DATASET EXTRACT →
BEGIN

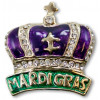 1" Purple 'Mardi Gras' Crown Pin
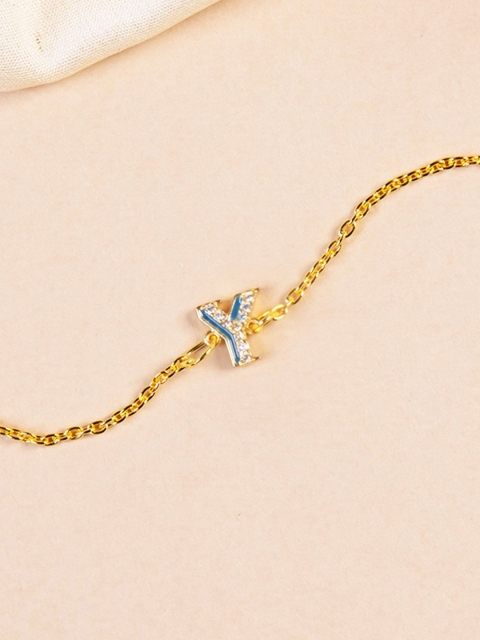 

Pipa Bella Women Teal Blue Gold-Plated Cubic Zirconia Enamelled Y Initial Link Bracelet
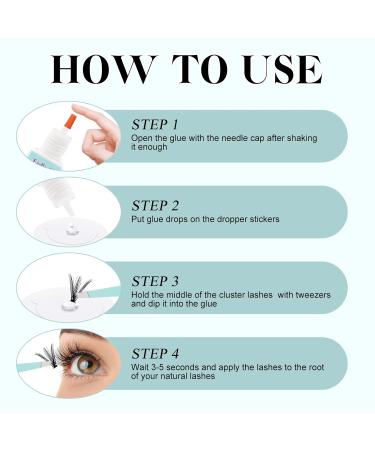 Cluster Lash Glue for Beginners - 3-5S Fast Drying Long Lasting Waterproof Eyelash Extension Glue (5ml) - Perfect for DIY Self Application - Buy Online on GoSupps.com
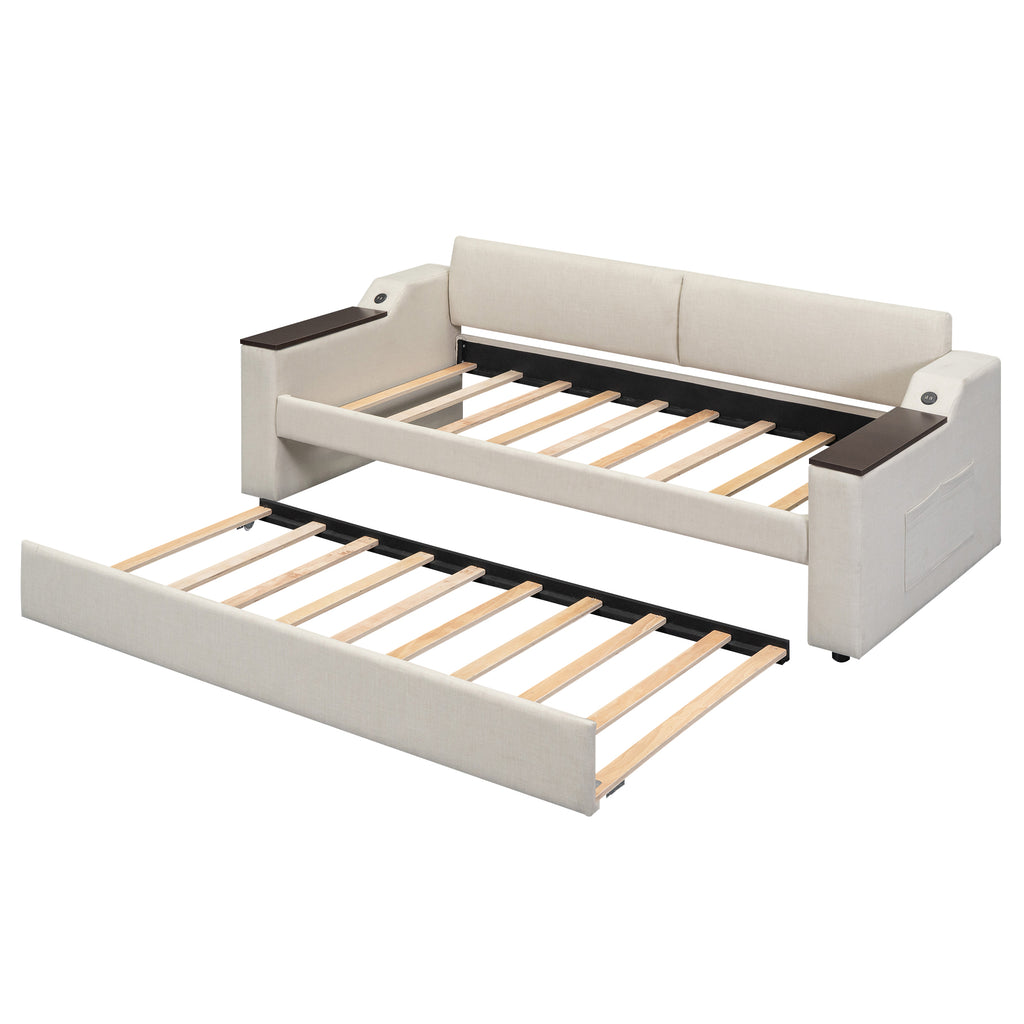 Twin Size Upholstery Daybed with Storage Arms  Trundle and USB Design Beige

END

WORK INSTRUCTION → Repeat the data above exactly, but not the pictures.

THE ANSWER →
 1" Purple 'Mardi Gras' Crown Pin

Pipa Bella Women Teal Blue Gold-Plated Cubic Zirconia Enamelled Y Initial Link Bracelet
 Cluster Lash Glue for Beginners - 3-5S Fast Drying Long Lasting Waterproof Eyelash Extension Glue (5ml) - Perfect for DIY Self Application - Buy Online on GoSupps.com
 Twin Size Upholstery Daybed with Storage Arms  Trundle and USB Design Beige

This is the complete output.